Week 4 was all about making Copilot real in everyday work. We move from theory to practice: showing that yes, AI can draft that email, yes, it can find that file, yes, it can answer that policy question – and do it quickly and correctly (most of the time). There’s still growth and learning involved; we’re all figuring out the best ways to interact with these AI tools and where the boundaries are. But the potential is tremendous.


For business leaders, the takeaway is to lean into these changes. Identify quick wins where Copilot or AI agents can relieve pain points (email overload, onboarding FAQs, report generation, etc.). Pilot them, gather feedback, and iterate. Ensure your data governance is strong (Microsoft has given you tools like Purview and SAM for that in this ecosystem). And crucially, enable your people through awareness and training. The organizations that adapt fastest will see the biggest gains, whether it’s faster decision cycles, better customer responses, or happier employees who are less bogged down by drudgery.

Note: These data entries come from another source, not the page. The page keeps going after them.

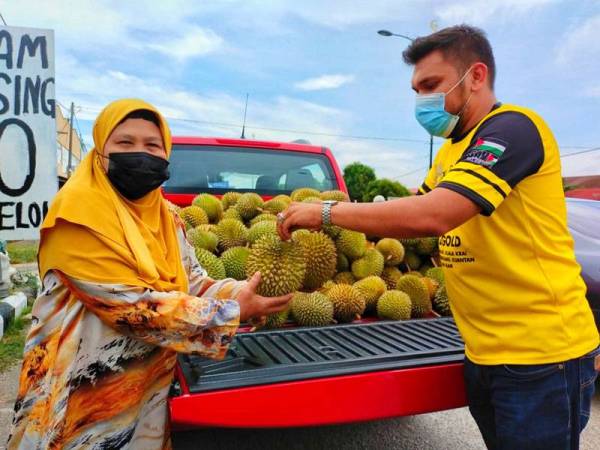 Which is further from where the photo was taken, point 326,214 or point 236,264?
point 236,264

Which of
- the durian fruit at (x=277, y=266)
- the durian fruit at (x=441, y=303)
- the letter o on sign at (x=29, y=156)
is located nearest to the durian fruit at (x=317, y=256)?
the durian fruit at (x=277, y=266)

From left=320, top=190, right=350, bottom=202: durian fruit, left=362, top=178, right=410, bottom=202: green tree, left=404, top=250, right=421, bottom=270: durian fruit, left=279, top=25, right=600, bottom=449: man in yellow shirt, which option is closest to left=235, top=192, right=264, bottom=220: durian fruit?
left=320, top=190, right=350, bottom=202: durian fruit

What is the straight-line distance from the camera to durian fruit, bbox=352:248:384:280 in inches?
116

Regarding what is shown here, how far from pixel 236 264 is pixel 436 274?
1.34 metres

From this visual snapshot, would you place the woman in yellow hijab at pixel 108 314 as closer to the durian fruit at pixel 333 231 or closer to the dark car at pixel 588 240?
the durian fruit at pixel 333 231

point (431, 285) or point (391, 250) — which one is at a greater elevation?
point (391, 250)

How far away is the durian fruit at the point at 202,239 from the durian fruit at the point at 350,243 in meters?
0.74

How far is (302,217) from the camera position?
1842mm

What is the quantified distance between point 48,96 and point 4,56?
0.48 m

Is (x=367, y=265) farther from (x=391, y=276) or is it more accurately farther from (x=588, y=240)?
(x=588, y=240)

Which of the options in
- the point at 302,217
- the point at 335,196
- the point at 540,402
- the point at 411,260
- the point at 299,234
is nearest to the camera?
the point at 540,402

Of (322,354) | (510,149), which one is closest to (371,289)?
(322,354)

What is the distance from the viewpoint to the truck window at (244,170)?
4215mm

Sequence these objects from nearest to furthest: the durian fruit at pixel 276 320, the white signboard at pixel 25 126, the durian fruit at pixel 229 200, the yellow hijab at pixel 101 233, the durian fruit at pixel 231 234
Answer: the yellow hijab at pixel 101 233, the durian fruit at pixel 276 320, the durian fruit at pixel 231 234, the durian fruit at pixel 229 200, the white signboard at pixel 25 126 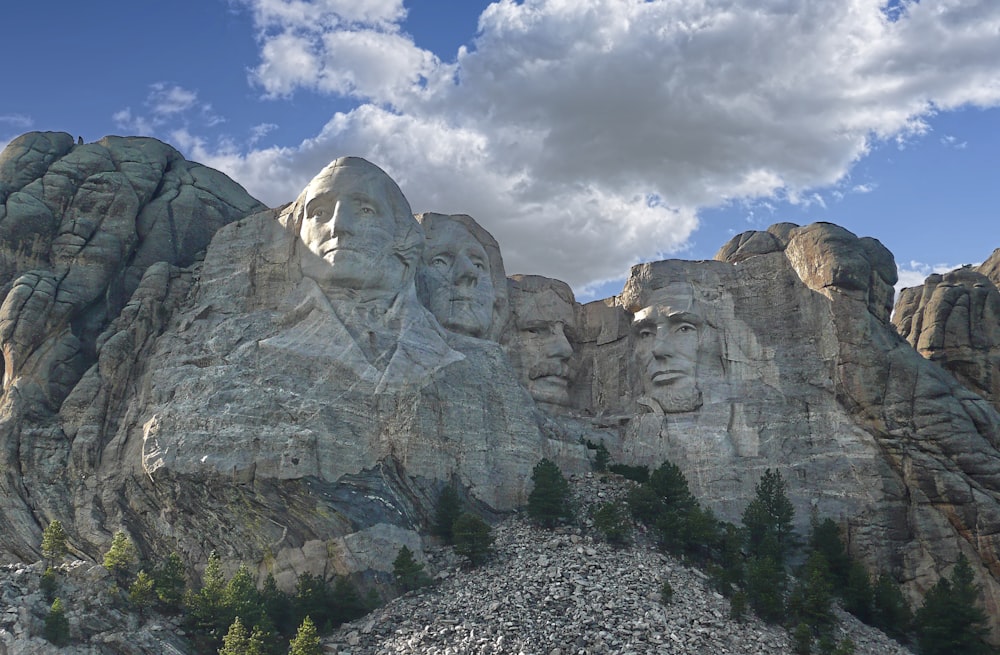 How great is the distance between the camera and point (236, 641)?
49625mm

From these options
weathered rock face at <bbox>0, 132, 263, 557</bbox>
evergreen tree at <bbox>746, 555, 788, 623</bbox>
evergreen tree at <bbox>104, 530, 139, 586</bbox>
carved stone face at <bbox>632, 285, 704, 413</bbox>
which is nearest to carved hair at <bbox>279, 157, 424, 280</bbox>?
weathered rock face at <bbox>0, 132, 263, 557</bbox>

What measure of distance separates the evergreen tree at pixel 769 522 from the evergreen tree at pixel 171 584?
20.9 m

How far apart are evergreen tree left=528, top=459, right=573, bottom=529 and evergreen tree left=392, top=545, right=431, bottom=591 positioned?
5459 millimetres

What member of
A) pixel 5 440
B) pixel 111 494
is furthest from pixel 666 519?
pixel 5 440

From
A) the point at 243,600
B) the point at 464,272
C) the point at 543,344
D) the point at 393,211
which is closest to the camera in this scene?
the point at 243,600

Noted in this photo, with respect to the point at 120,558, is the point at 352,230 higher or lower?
higher

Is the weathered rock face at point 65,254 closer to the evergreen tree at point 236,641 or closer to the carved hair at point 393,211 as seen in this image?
the carved hair at point 393,211

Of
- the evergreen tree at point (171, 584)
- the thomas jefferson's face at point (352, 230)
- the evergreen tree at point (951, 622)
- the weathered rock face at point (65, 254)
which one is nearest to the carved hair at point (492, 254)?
the thomas jefferson's face at point (352, 230)

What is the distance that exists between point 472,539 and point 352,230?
13560 millimetres

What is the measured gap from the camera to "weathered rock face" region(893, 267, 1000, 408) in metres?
69.2

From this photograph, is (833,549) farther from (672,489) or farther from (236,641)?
(236,641)

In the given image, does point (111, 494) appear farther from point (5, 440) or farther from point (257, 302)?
point (257, 302)

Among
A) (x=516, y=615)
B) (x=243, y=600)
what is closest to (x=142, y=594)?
(x=243, y=600)

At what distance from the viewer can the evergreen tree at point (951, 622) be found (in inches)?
2188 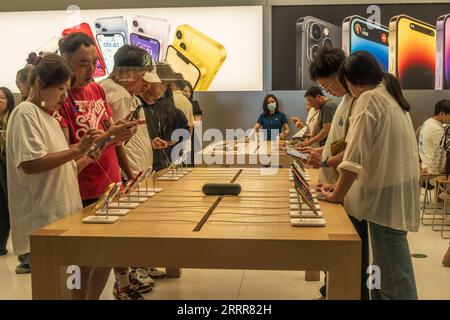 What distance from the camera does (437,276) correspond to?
330cm

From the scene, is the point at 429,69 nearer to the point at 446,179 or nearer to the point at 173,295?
the point at 446,179

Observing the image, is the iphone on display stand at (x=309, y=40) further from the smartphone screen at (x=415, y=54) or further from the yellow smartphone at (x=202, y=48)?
the yellow smartphone at (x=202, y=48)

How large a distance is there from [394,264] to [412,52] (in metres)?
4.06

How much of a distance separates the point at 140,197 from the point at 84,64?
61 centimetres

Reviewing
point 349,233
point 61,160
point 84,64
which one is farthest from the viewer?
point 84,64

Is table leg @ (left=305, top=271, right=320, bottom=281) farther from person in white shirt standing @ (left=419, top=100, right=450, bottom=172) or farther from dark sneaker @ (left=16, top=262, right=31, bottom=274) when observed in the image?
person in white shirt standing @ (left=419, top=100, right=450, bottom=172)

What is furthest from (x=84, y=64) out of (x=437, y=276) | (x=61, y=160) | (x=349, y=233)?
(x=437, y=276)

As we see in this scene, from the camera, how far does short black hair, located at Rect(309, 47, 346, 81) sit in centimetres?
259

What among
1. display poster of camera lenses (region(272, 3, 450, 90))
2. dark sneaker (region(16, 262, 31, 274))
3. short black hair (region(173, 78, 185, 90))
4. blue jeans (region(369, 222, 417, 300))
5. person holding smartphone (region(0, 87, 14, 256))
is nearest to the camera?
blue jeans (region(369, 222, 417, 300))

Next up, in Week 5, we’ll look at Copilot Studio (how you can create custom copilots and tailor them to your processes) and the Copilot Control System (the admin side of managing this AI revolution). These topics are about extending and governing the capabilities we’ve seen so far. If Week 4 was “use what’s available,” Week 5 is “make it your own and keep it in check.” Stay tuned for that, and as always, share your questions and experiences – we’re excited to hear how you are using Copilot in your organization.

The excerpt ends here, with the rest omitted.